The flight was going great with beautiful weather along the coastline.

Then ATC made me an offer I should have refused. Once we were over Panama City, Florida, controllers presented a direct route to Fort Myers.

At the time, I was a low-time IFR pilot and didn’t think it through. All I thought was, “Great, I can save some time going direct,” and I accepted. (I did the math later, and it only saved about 12 minutes.)

If I had thought about it for even a second, it would have been clear this was a bad idea. We were in a single-engine airplane and would be miles offshore in international waters. It was all legal, but there was no way we would be able to glide to shore if something went wrong.

We did have flotation gear since we were heading to the Bahamas. However, we didn’t have any personal emergency locator (ELT) devices or a raft-only life vests. Another factor working against us was that, at 7,000 feet and that far offshore, communication with ATC was increasingly spotty the farther out we flew.

But the worst part was yet to come.

The flight over the water was smooth, and the airplane was performing nicely. Then, up ahead, I saw a line of clouds. It hadn’t been in the forecast, but then again, I had changed our route of flight, which would have hugged the shoreline.

ATC never reported any convective activity, so I decided to continue into the clouds. I was instrument rated. I could handle this.

Once in the clouds, it started getting darker, but there was nothing to indicate any issues.

Then all hell broke loose. We had entered a line of heavy showers, and it started raining buckets. The turbulence was so severe that I slowed down to maneuvering speed and turned off the autopilot, given that it couldn’t handle the rapid altitude changes. I hand-flew the plane and focused on keeping the wings level while my girlfriend clung to the dashboard.

Water was coming in through all the vents. At this point, it was time to communicate with ATC, and I asked for vectors out of the mess. I suspect this was the first time they realized I was in serious weather, and they gave me direct to Bradenton.

There’s still much debate between my now-wife and I about how long we were in the rain squalls, but we broke out of the clouds near Bradenton. Interestingly, we flew over the very same beach I used to play on as a child when visiting my grandmother in Florida. We landed at KFMY (Page Field) about 20 minutes later. It was nice to be back on the ground.

I’ve told this story many times, and the usual feedback is that it was foolish to fly a single-engine airplane over water and out of gliding distance to shore. I can’t argue with that. But there were other mistakes as well.

We didn’t have a raft, only life vests. We had no personal ELTs attached to ourselves. And once we were over the water, we weren’t even wearing the vests. A Cessna 182 will most likely flip when landing in water, and we would never have been able to retrieve those vests from the back seat.

There were a couple of other issues-staying at 7,000 feet where communication was spotty and there is less altitude to return to shore, and assuming ATC would report weather issues ahead.
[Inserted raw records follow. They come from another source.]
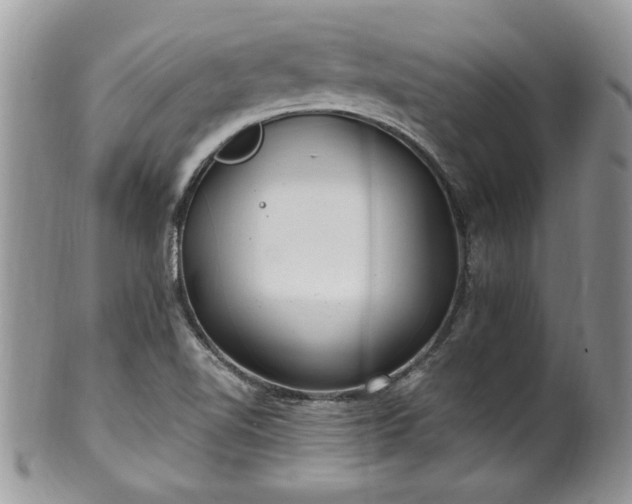 X0000100401510200806131002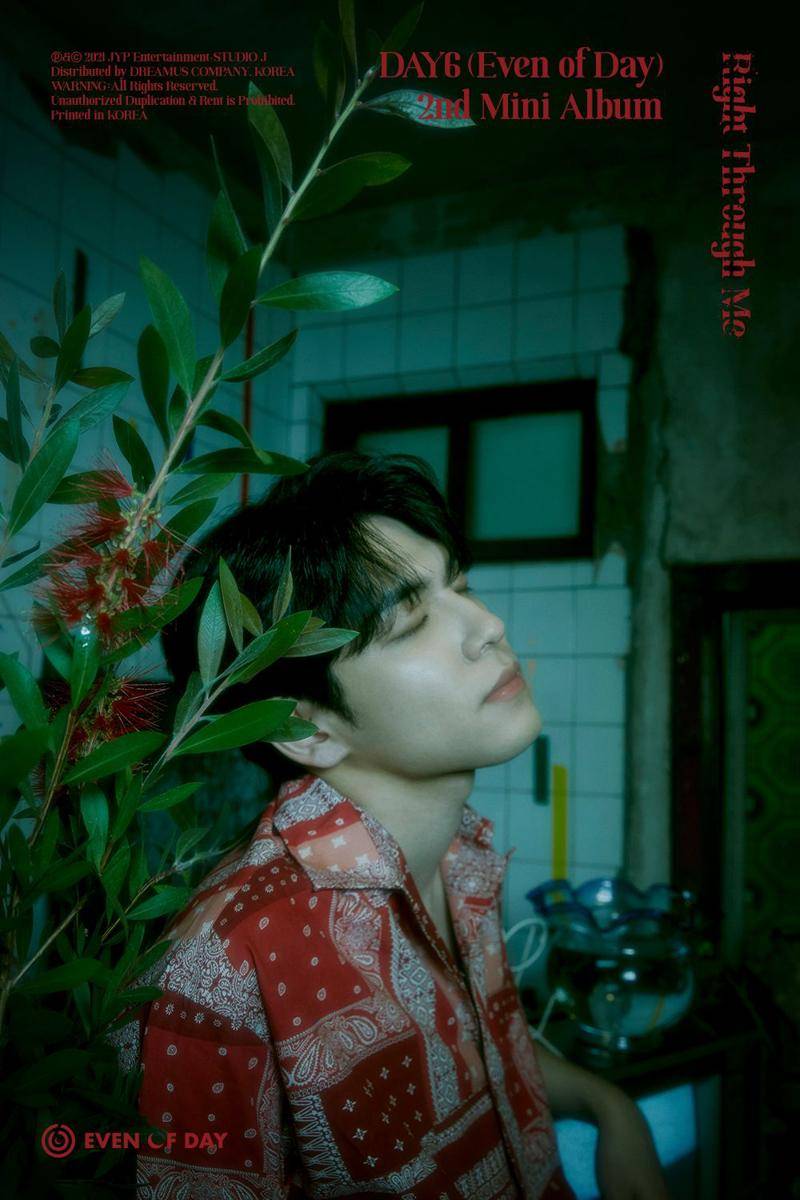 Wonpil DAY6 (twitter.com/day6official)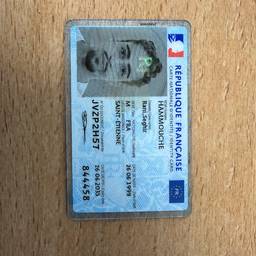 French ID Card Date Edit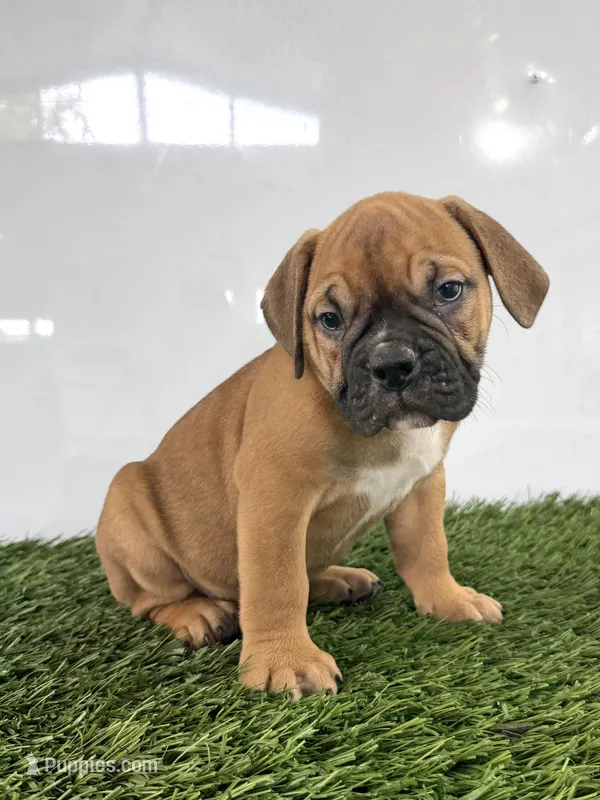 Max – Olde English Bulldogge puppy for sale in Lagrange, IN
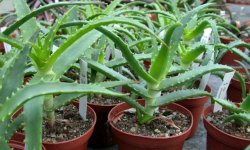 Як пересадити алое в домашніх умовах — крок за кроком на відео, догляд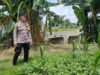 Dukung Ketahanan Pangan, Bhabinkamtibmas Pulorejo Sambangi Petani Jagung dan Kacang tanah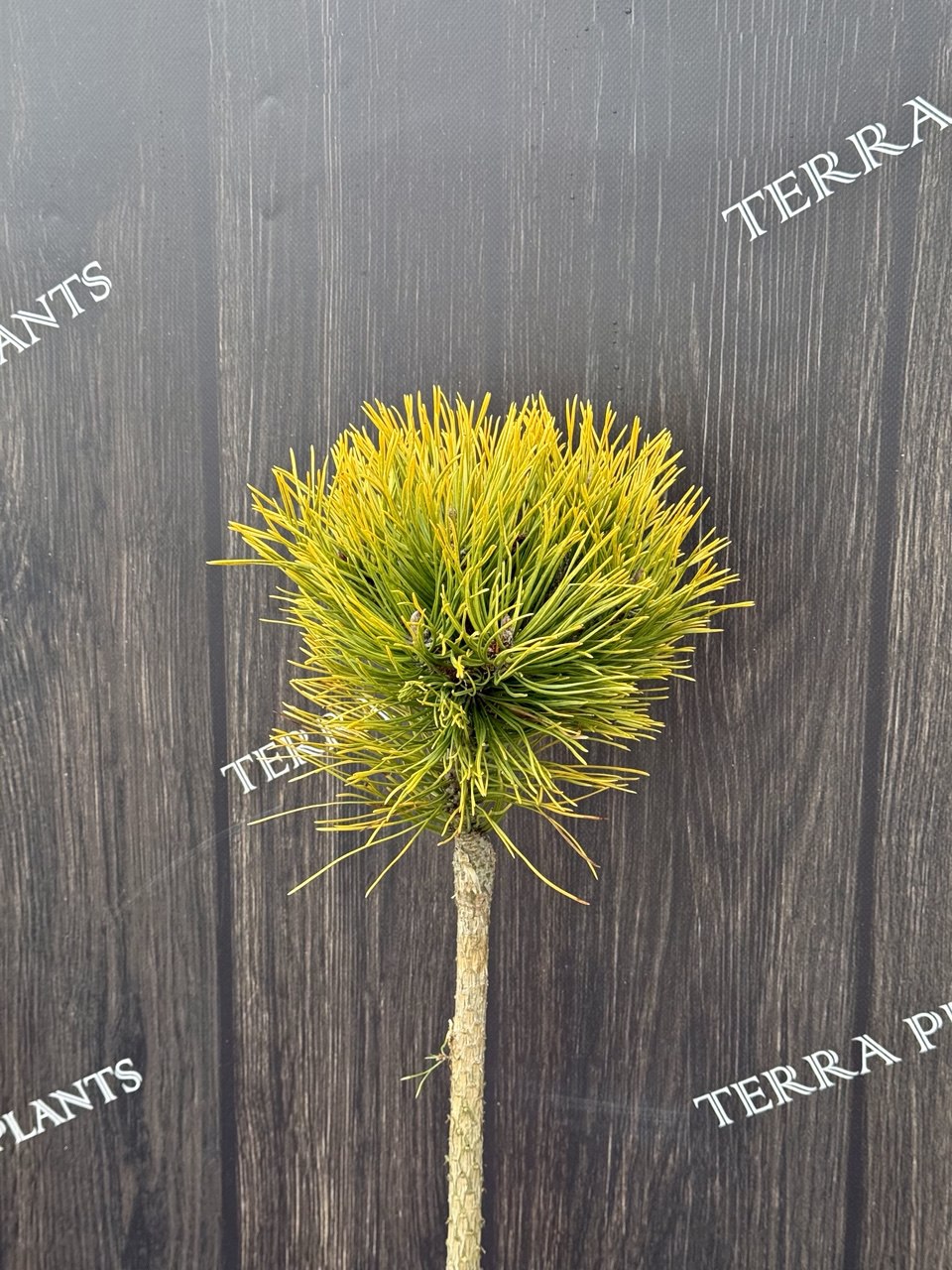 сосна Golden Glow.jpg1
That’s my responsibility-and honestly, thinking back, I didn’t ask. When I saw that line of clouds, I should have requested a direct route back to the shoreline to get around the weather over land.

So here’s what I learned:

» Don’t blindly accept a route change from ATC without first understanding the repercussions.

» Don’t expect ATC to keep you out of bad weather.

» Avoid flying single-engine aircraft over open water. If you do, plan accordingly by carrying proper floatation devices and wearing personal ELT devices.


This column first appeared in the November Issue 964 of the FLYING print edition.


Editor’s note: If you’ve learned about flying through a harrowing experience of your own, we’d love to hear your story for potential publication in a future I Learned About Flying From That (ILAFFT) column. Send us the details at editorial@flyingmag.com.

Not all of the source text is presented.